Requirement:
Set down only these lines, exactly: the line containing "Линзы для мотоциклетного" and all lines through the end of the data below. Omit pictures.

Study material:
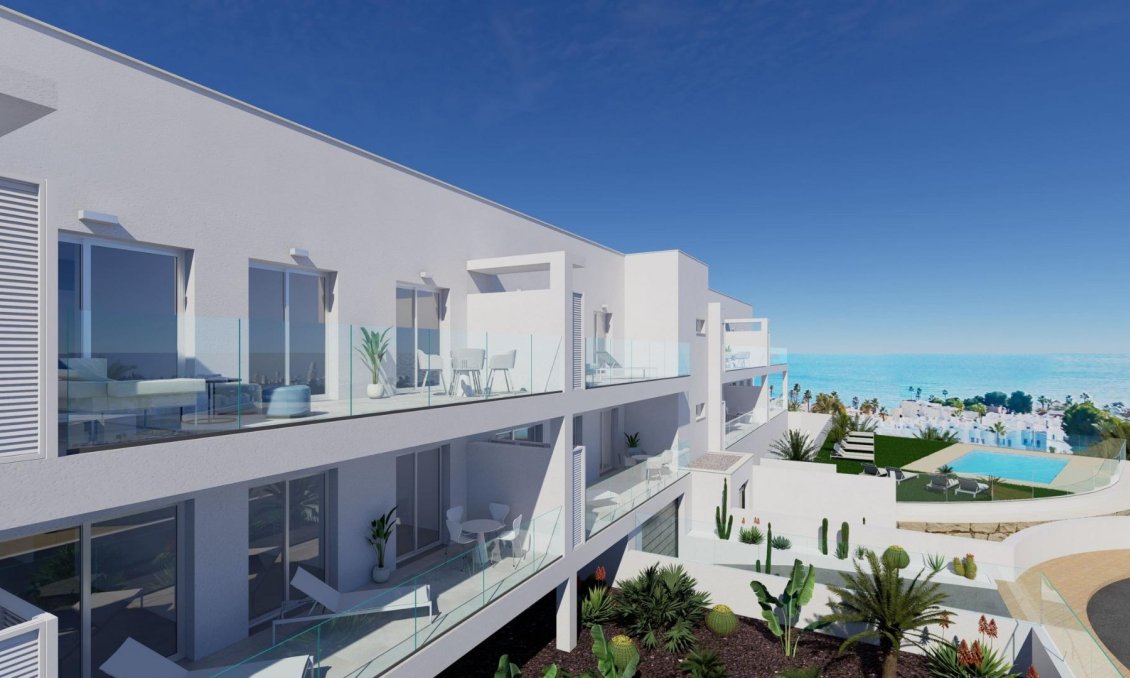New Build - Penthouse -
Mojacar - Descargador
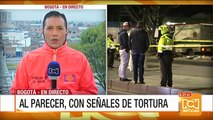 Hallan un cuerpo con signos de tortura en el centro de Bogotá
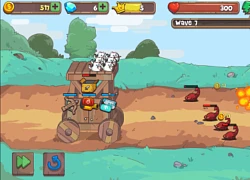 Chơi thử Cat&#8217;n'Robot: Idle Defense Tựa game thủ thành &#8216;Made in Vietnam&#8217; đáng để trải nghiệm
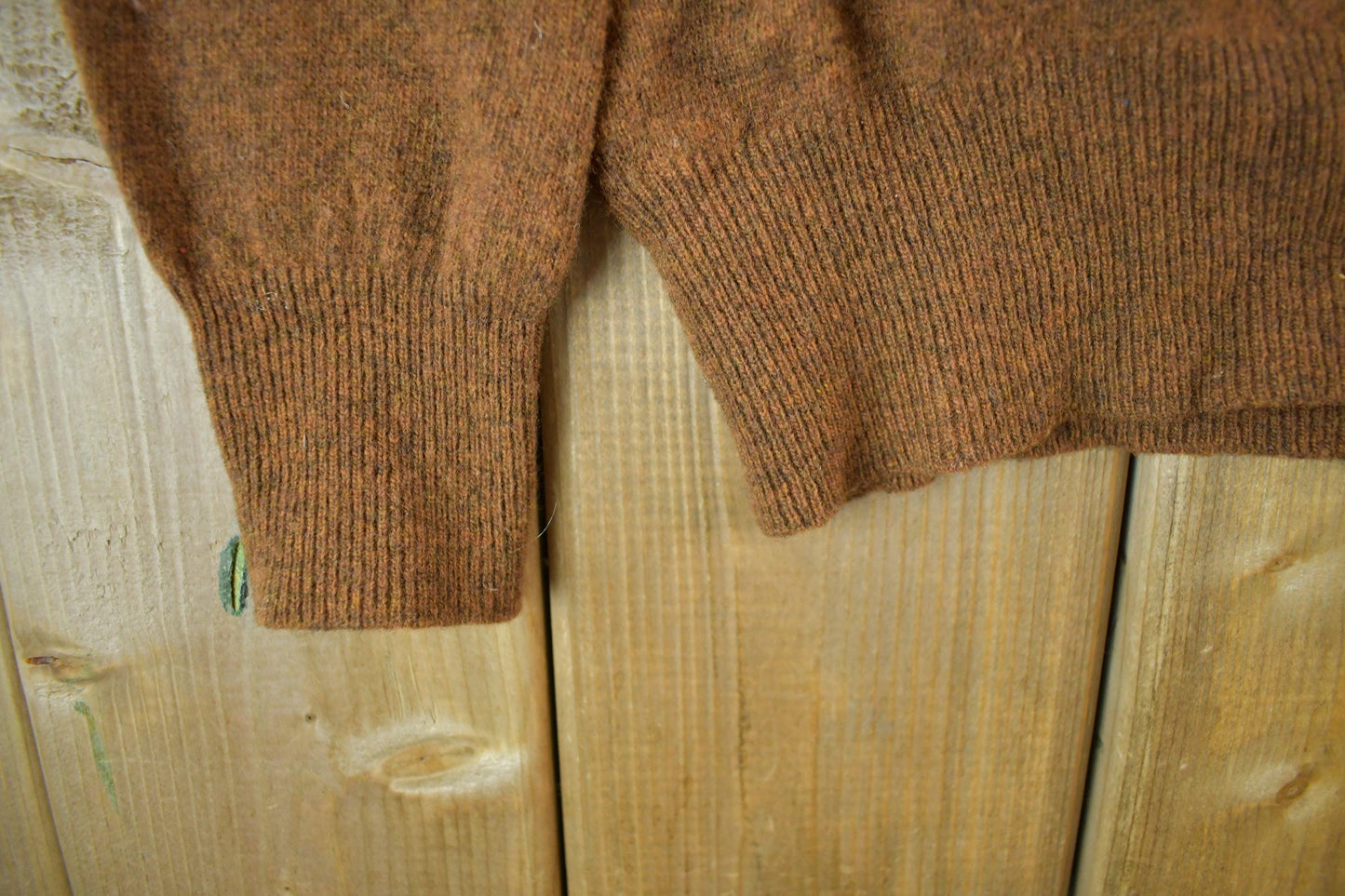 Vintage 1980s The Bay Wool V Neck Pullover Knit Sweater Men's Small from propervintagecanada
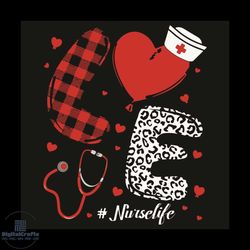 love nurse life svg, valentine svg, nurse life svg, love svg, valentine day svg, nurse svg, nurse lovers svg, nurse gift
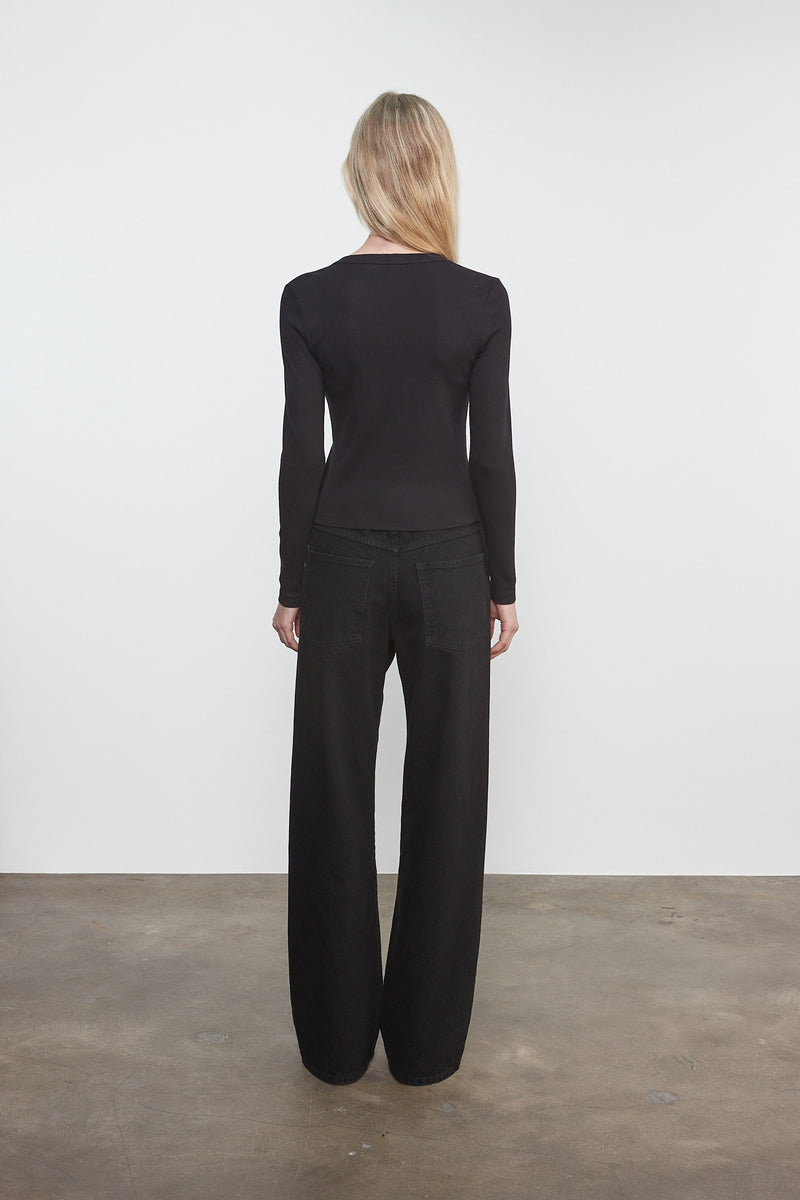 Supima Cotton New Classic V-Neck Cardigan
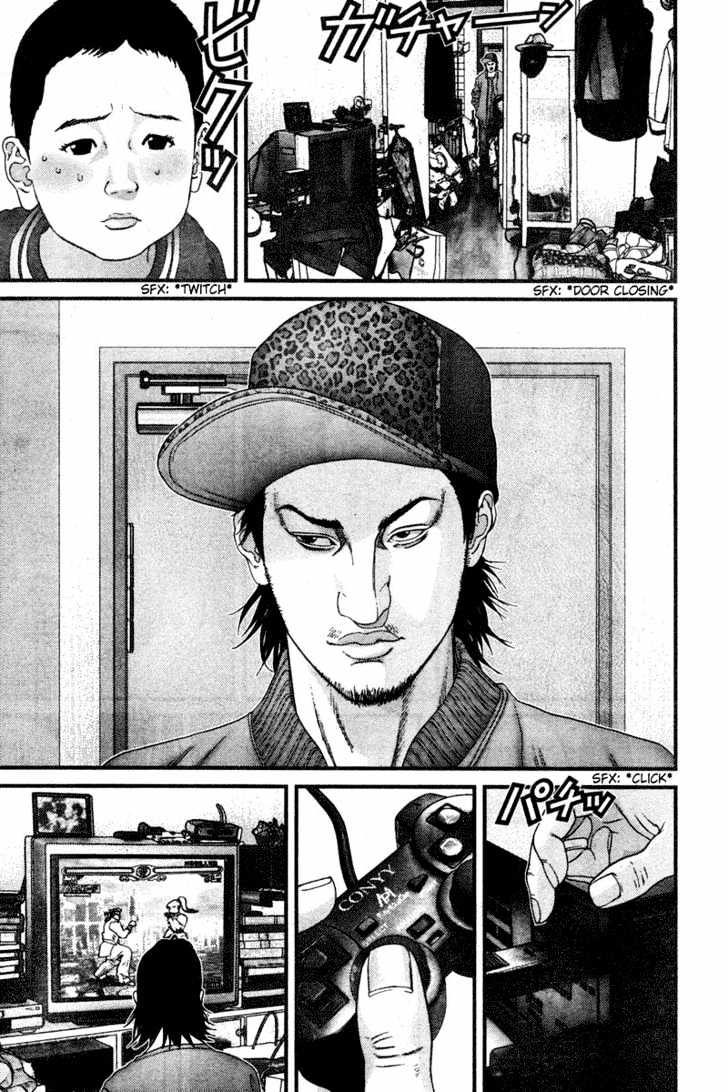 Read Gantz en Manga Online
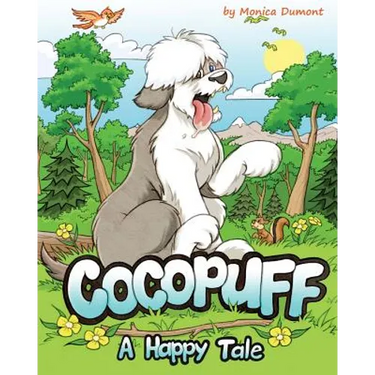 Cocopuff - A Happy Tale: A book about finding happiness from within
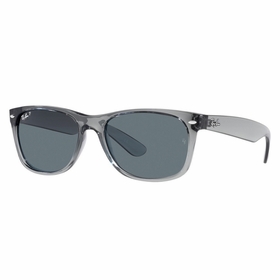 Ray Ban RB2132 64503R 55 New Wayfarer Classic Unisex  Sunglasses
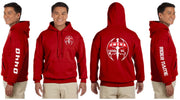O-MENS MC 7 Cities VA - Reflective Pullover Hoodie
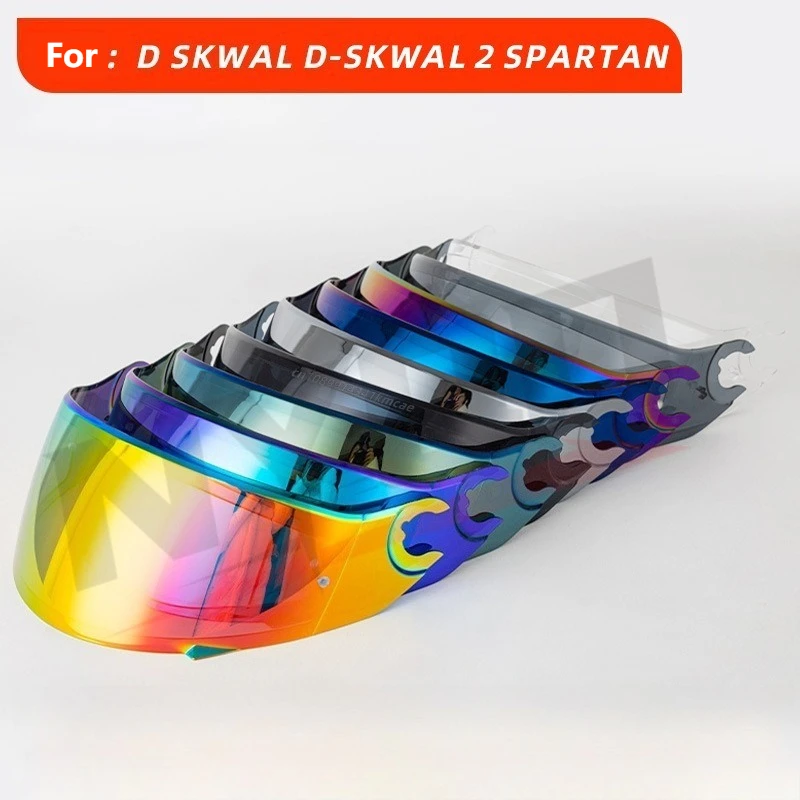 

Линзы для мотоциклетного шлема SPARTAN, подходящие для линз Star 1-2 поколения/Spartan/D-Skwal1-2 поколения, cascos para moto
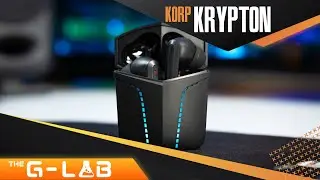 [EN] THE G-LAB Korp KRYPTON - Low Latency Wireless Gaming Earphones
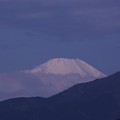 写真: 2021.04.10　駅前　富士山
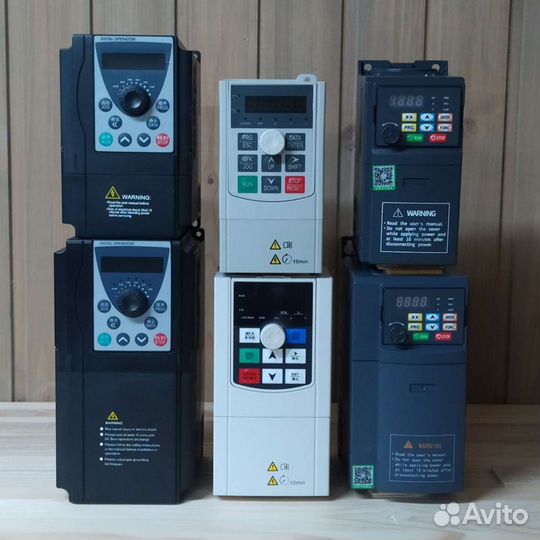 Частотный преобразователь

Result of this exercise:
Линзы для мотоциклетного шлема SPARTAN, подходящие для линз Star 1-2 поколения/Spartan/D-Skwal1-2 поколения, cascos para moto
 [EN] THE G-LAB Korp KRYPTON - Low Latency Wireless Gaming Earphones
 写真: 2021.04.10　駅前　富士山
 Частотный преобразователь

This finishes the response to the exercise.